The versatility of the approach was proven by the fact that in the following years, Artem Korkhov implemented it across different industries. For instance, in 2022, he joined Feedzai, a Portuguese fraud detection provider, as a Staff Software Engineer. The stakes for creating reliable infrastructure became even higher: where incorrect music recommendations might annoy a user, errors in fraud detection can cost millions of dollars or enable criminal activity. Here, Artem Korkhov founded the ML infrastructure team and designed a cloud-native Model Serving infrastructure, which became one of the first systems of its kind at the fraud detection giant. Again, his innovations shortened the deployment cycles from days or weeks to minutes, which means faster response to emerging fraud patterns and more agile protection of customer assets.That end-to-end implementation – combining technical innovation, operational efficiency, and team leadership – later led to Artem Korkhov’s recognition at the Best Business Awards 2025 for Successful Implementation of New Technologies.
Korkhov's work at Inceptive represents the furthest evolution of ML infrastructure – from consumer convenience to mission-critical healthcare. The biotech startup that was founded in 2021 by Jakob Uszkoreit and raised $100 million in investment aims to build an AI platform for designing mRNA molecules used in vaccines and therapeutics.
As Member of Technical Staff, Korkhov designed and developed infrastructure elements for both biologists and AI engineers, managing projects and products while building infrastructure for laboratory experiments, data engineering and AI-driven RNA design. In particular, he developed a search system for genetic data and architected a system for internal laboratory experiment planning, significantly improving research efficiency.
This area of application of ML infrastructure innovation bears particular significance, as the convergence of AI and biotechnology represents one of the fastest-growing sectors in technology. As pharmaceutical companies explore AI-driven drug discovery and vaccine development, the infrastructure patterns Korkhov has developed become increasingly relevant.
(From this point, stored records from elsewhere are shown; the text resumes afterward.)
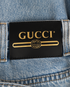 Gucci Straight Leg Jeans, other view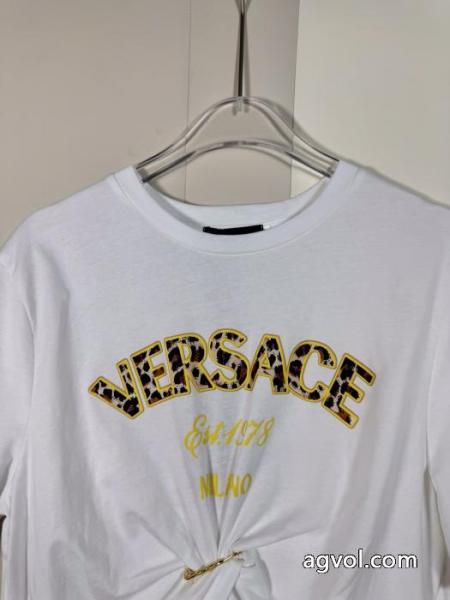 半袖T偽物 通販 2026SS大人OK 2026春断然ブランド推し 本季新作2026最新VERSACE. 3
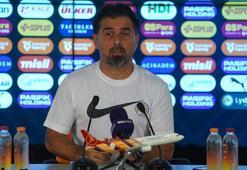 İlhan Palut: Daha fazla ikili mücadele kazanabilirdik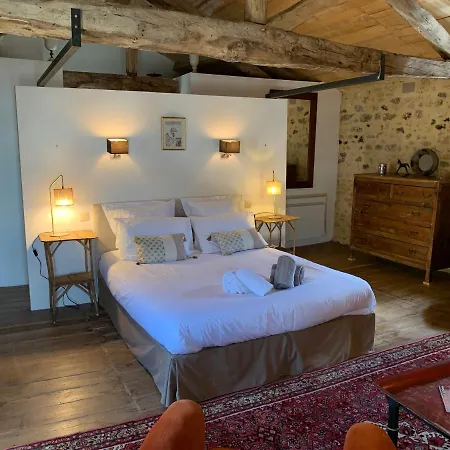 Bed & Breakfast Marguerite Et Table D Hotes De Charme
Similar approaches would allow major manufacturers to accelerate development cycles while maintaining the safety standards required in the healthcare industry.
"The fundamental lesson is that successful AI deployment requires shifting from thinking about individual models to thinking about platforms that serve many models," reflects Korkhov. "The platform thinking, similar to what we applied at Spotify and Feedzai, is what enables teams to move faster while optimising resources, thus gaining a key competitive advantage."
Across industries, professionals who simultaneously design foundational ML platforms, influence company-wide technical strategy, and contribute to the broader professional community through publications or technical evaluation remain a clear minority within the field.
For the global tech ecosystem, this shift from models to platforms represents a strategic imperative, as scaling infrastructure can become the constraint that limits all other progress. The engineers who master these skills will shape the next decade of AI deployment. The question is not whether infrastructure engineering matters, but whether companies will invest proactively in developing this expertise or continue addressing it as an afterthought.